- Source data -
►

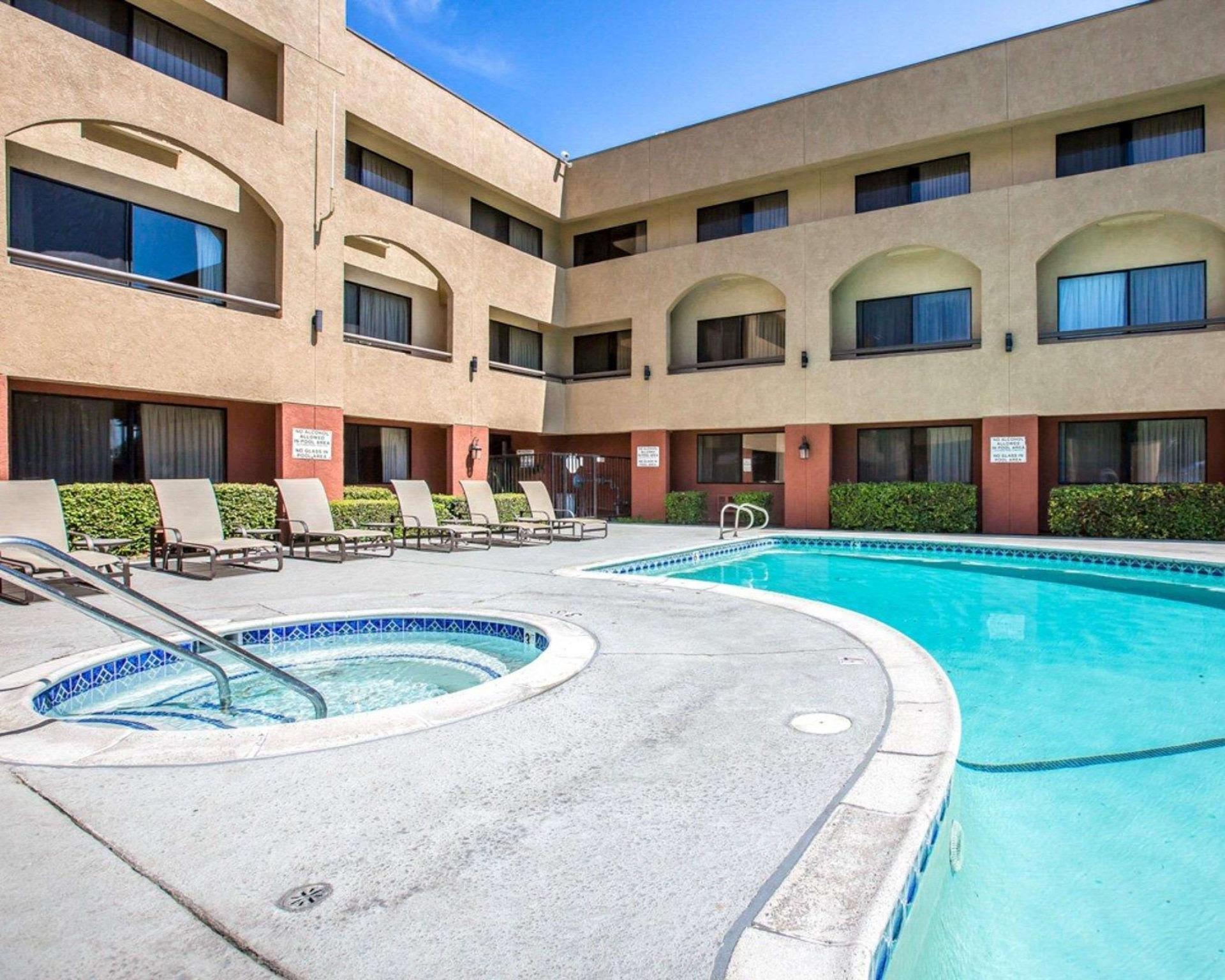 Hotel Baymont By Wyndham Ontario Esterno foto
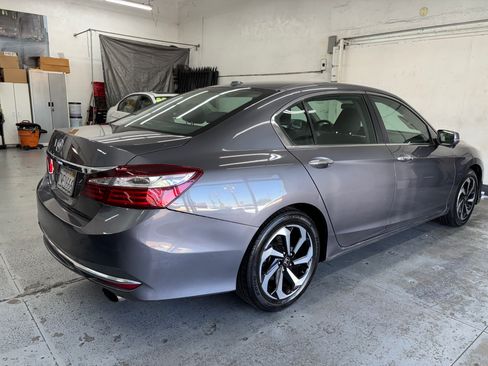 Used 2017 Honda Accord EX image 5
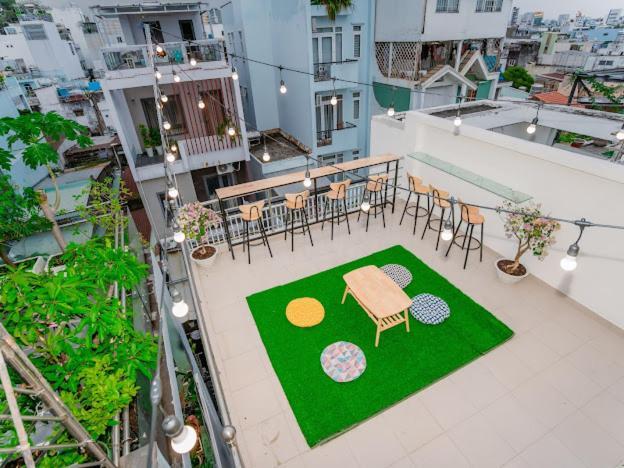 Aloha Saigon Premium By Local Travel Experts - Newly Opened, Less-touristy Location, Spacious Rooms, Glass Shower Bathroom, Free Breakfast & Walking Tour Nhà trọ *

◄

- About this exercise -
Return the full listing above verbatim, please, but without its images.

- Finished exercise -
 Hotel Baymont By Wyndham Ontario Esterno foto
 Used 2017 Honda Accord EX image 5
 Aloha Saigon Premium By Local Travel Experts - Newly Opened, Less-touristy Location, Spacious Rooms, Glass Shower Bathroom, Free Breakfast & Walking Tour Nhà trọ *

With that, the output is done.